Eckersberg spent the years 1813-1816 in Rome, where he painted a number of architecture studies, in which he, as he himself explained, prioritised precision, colour, forms and lines. Here, Eckersberg has painted a small, antique circular temple at the Tiber River. The temple still exists today and is among the most well preserved in Rome, but the area around the building has today been rebuilt into a large square. Eckersberg was fascinated by the monument’s simple, geometrical design and the possibility to study it according to the principles of perspective. His choice of an antique circular temple as his subject was completely in line with the time’s enthusiasm for Antiquity.
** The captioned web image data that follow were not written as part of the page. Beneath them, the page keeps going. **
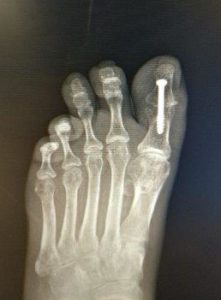 big toe joint hallux IPJ fusion surgery treatment hallux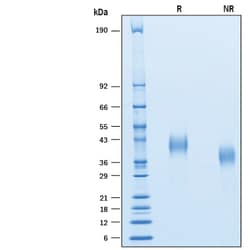 R&D Systems&trade;&nbsp;Recombinant Cynomolgus Monkey CD7 His-tag Protein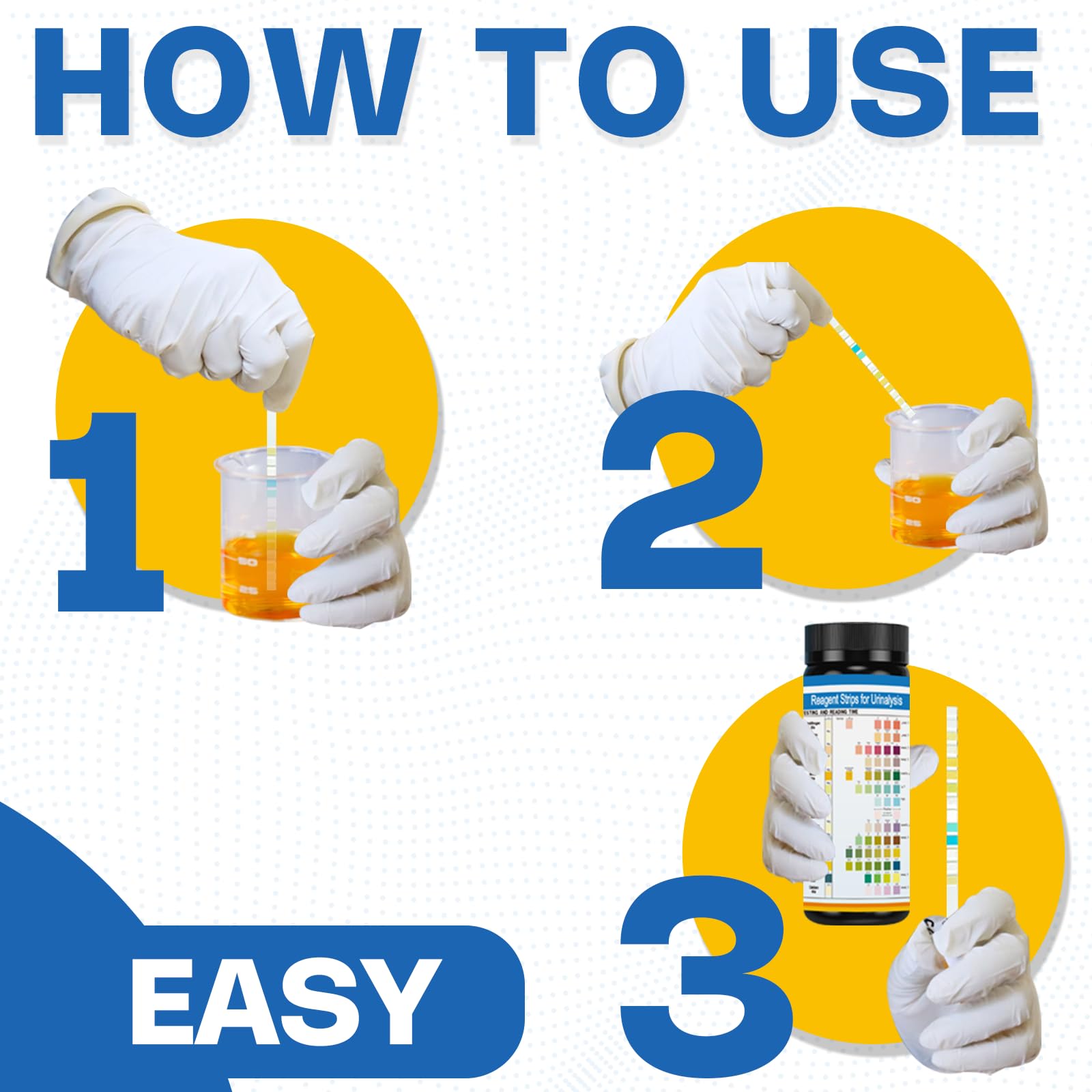 BLENSTCS URS parameters chart displays multiple urine markers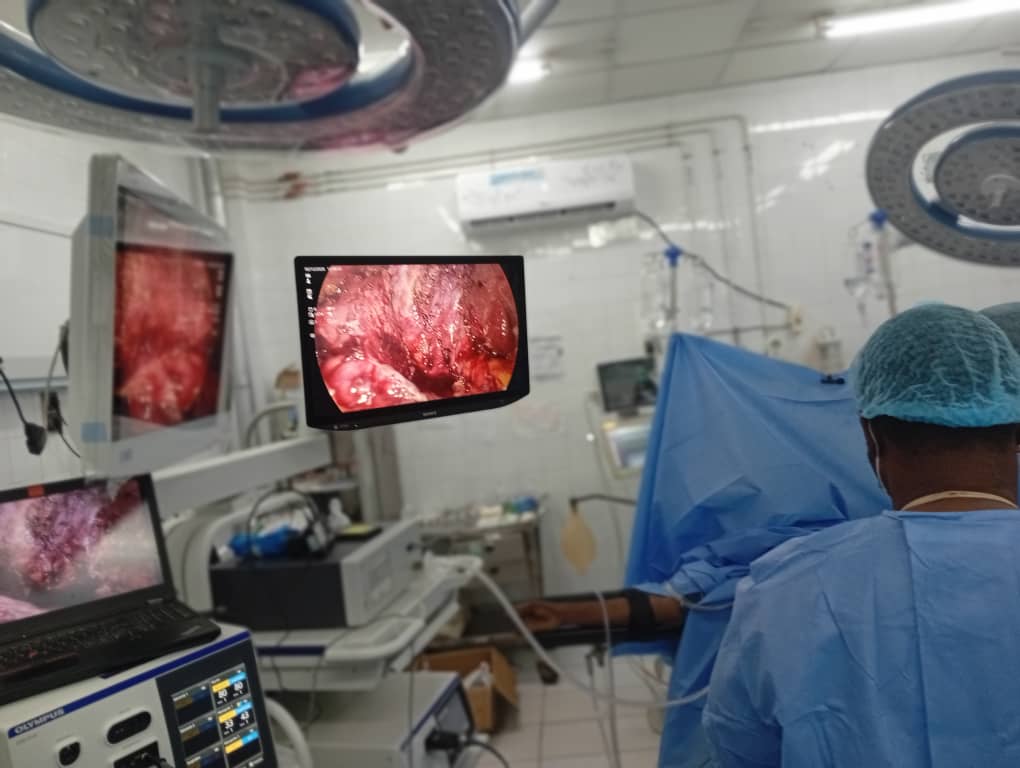 GSBeninHub's tweet photo. Day 2: Left total nephrectomy.
@NIHRglobal @lawaniismail @farm   @taka360 @CovalicBokossa https://t.co/RoDuUS5bJ3
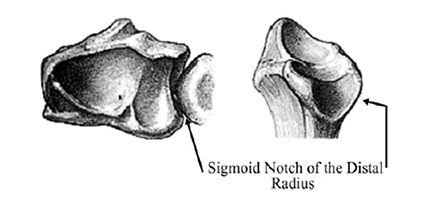 Bony anatomy of the DRUJ of the wrist. The sigmoid notch forms the articular surface of the distal radius of the DRUJ, a joint that allows for forearm rotation.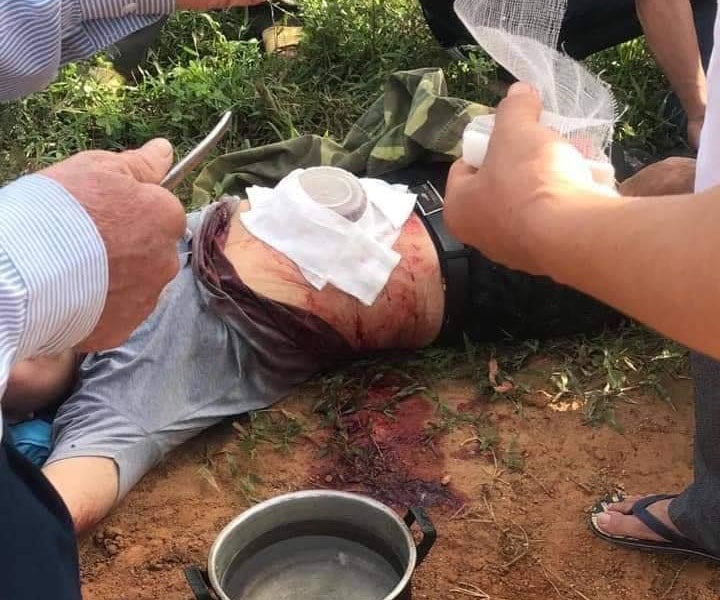 Sang hàng xóm lấy dao tự rạch bụng mình vì tưởng trong đó có bom 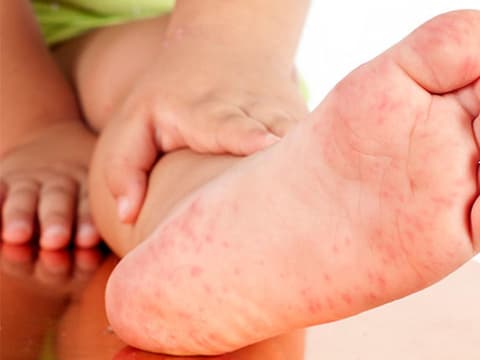 Hand-Fuß-Mund-Krankheit bei Kindern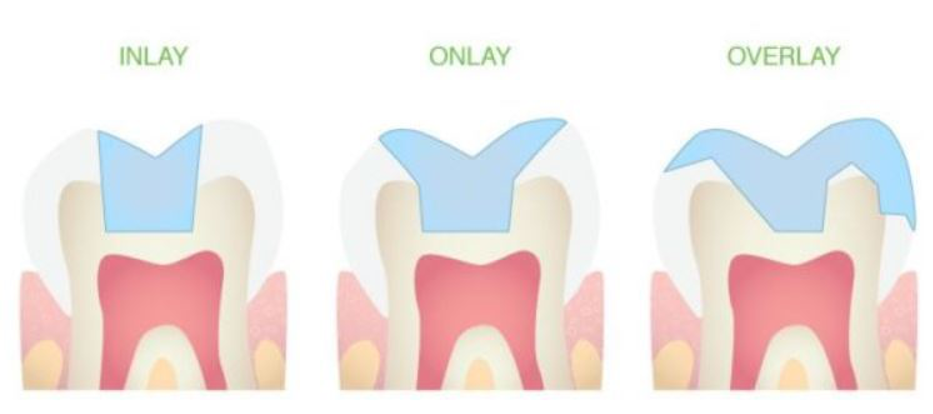 Inlays ou onlays - Dentiste Aix Les Bains - Dr BARBONI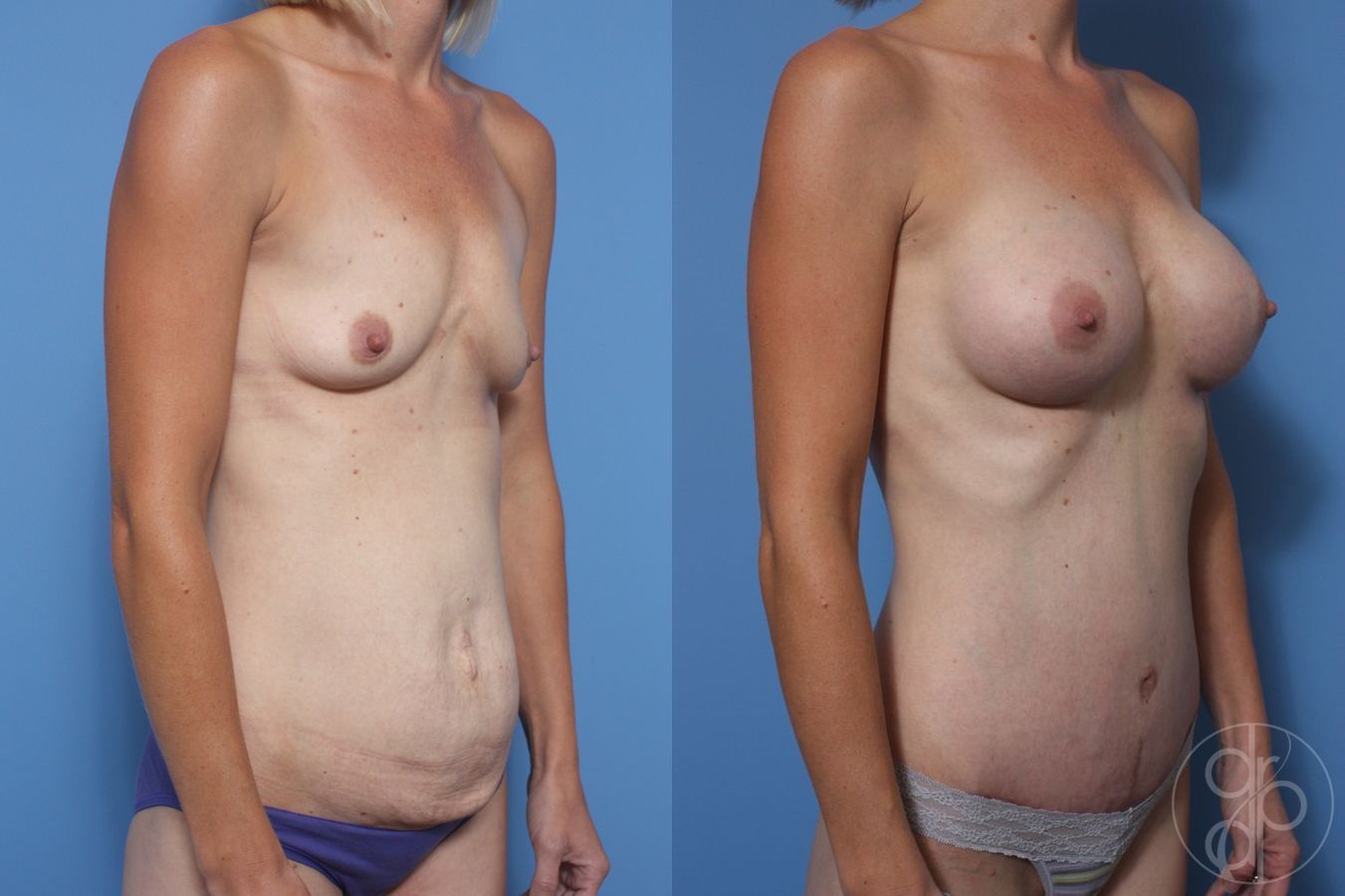 Before and after Breast Augmentation case 29722 - Angle 2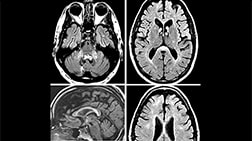 Fragile X Ataxia Syndrome Misdiagnosed As Multiple Sclerosis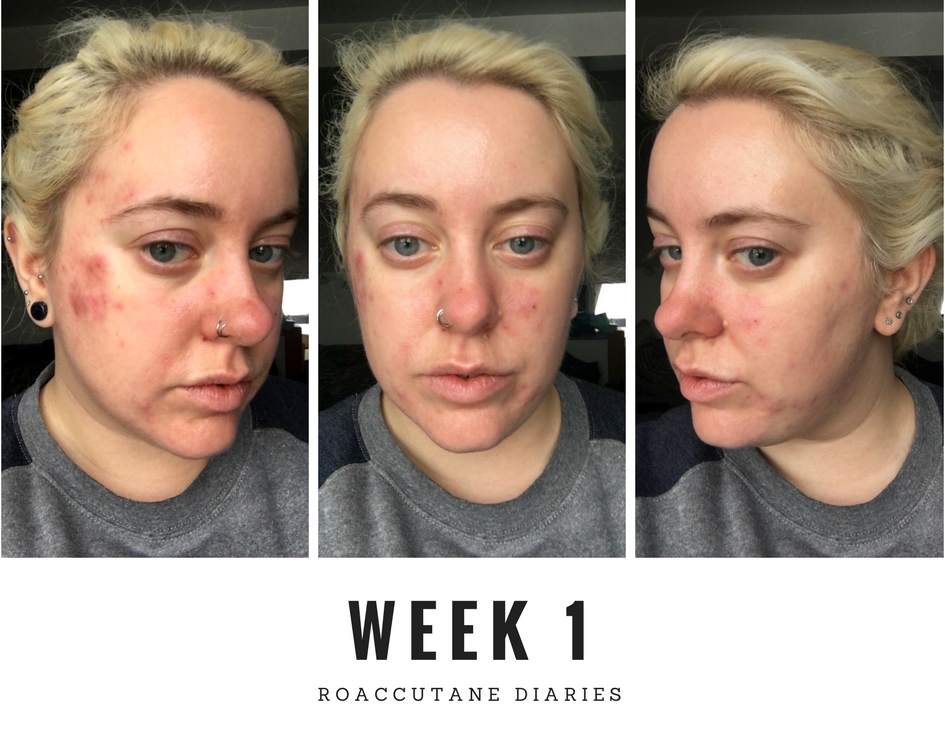 Roaccutane week 1 Roaccutane week 1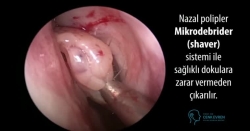 nazal polip operasyonu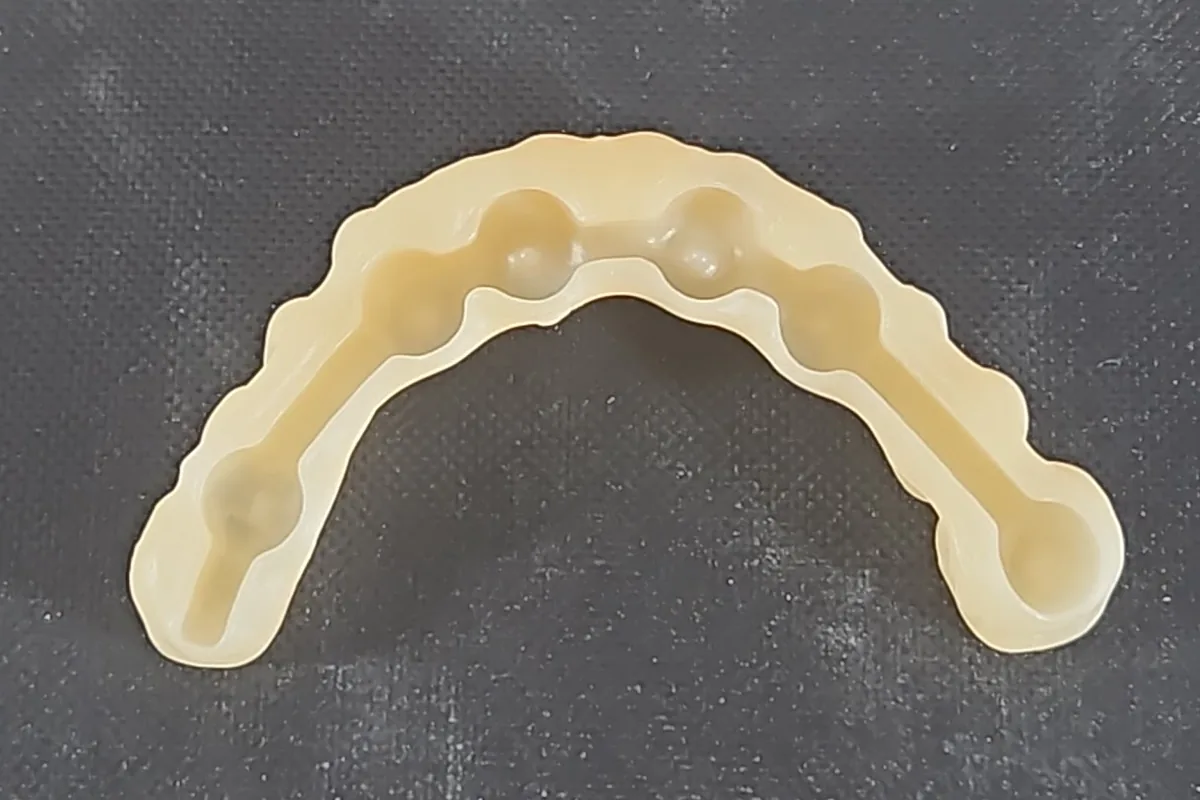 Modello stampato in 3D con i fori per gli impianti, vista occlusale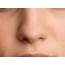 How Your Nose Got Its Shape According To Science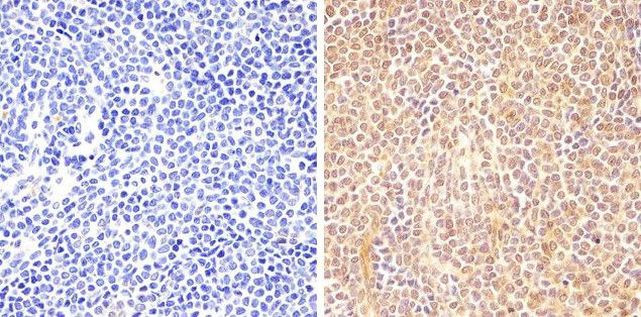 Phospho-STAT6 (Tyr641) Antibody in Immunohistochemistry (Paraffin) (IHC (P))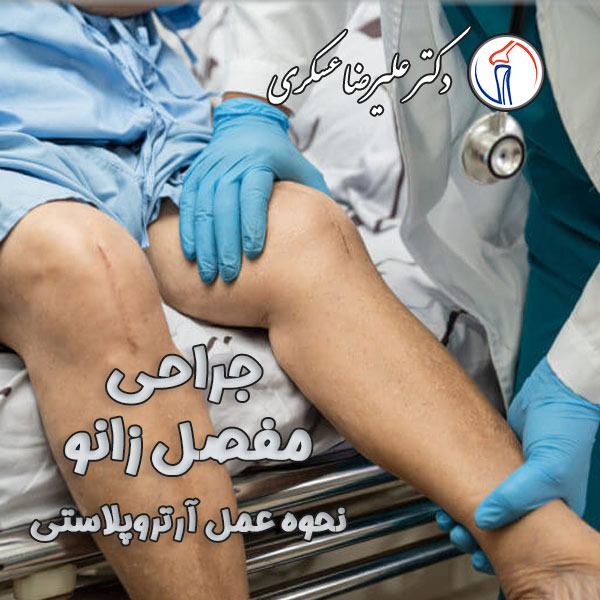 جراحی مفصل زانو در تهران - دکتر علیرضا عسکری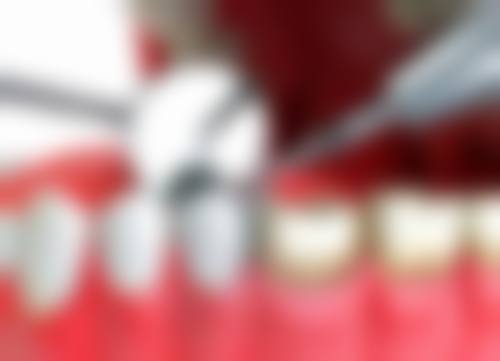 香港 麥芽口腔洗牙 真實體驗:2026全新流程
There are no figures depicted and the overall expression appears as a mixture of static and light flickering in the bright, clear sunlight.
About the artist:
Eckersberg studied under Nicolai Abildgaard and art historically, he has been proclaimed the Father of Danish Painting, because he was the first professor to establish a school and his students include many of the most famous Golden Age painters. He broke with the idealising art of the 1700s and introduced a new form of realism based on nature studies and compositional principles. In 1810, he won the Academy’s prestigious gold medal, and subsequently spent a year in Paris studying under the great neo-classical painter Jacques-Louis David. Eckersberg was the very first to introduce direct study from nature at the Art Academy, and in doing so, had a decisive impact on the development of Golden Age art in Denmark. He was greatly influential for numerous young artists such as Martinus Rørbye, Christen Købke, Constantin Hansen, Jørgen Roed and Wilhelm Marstand.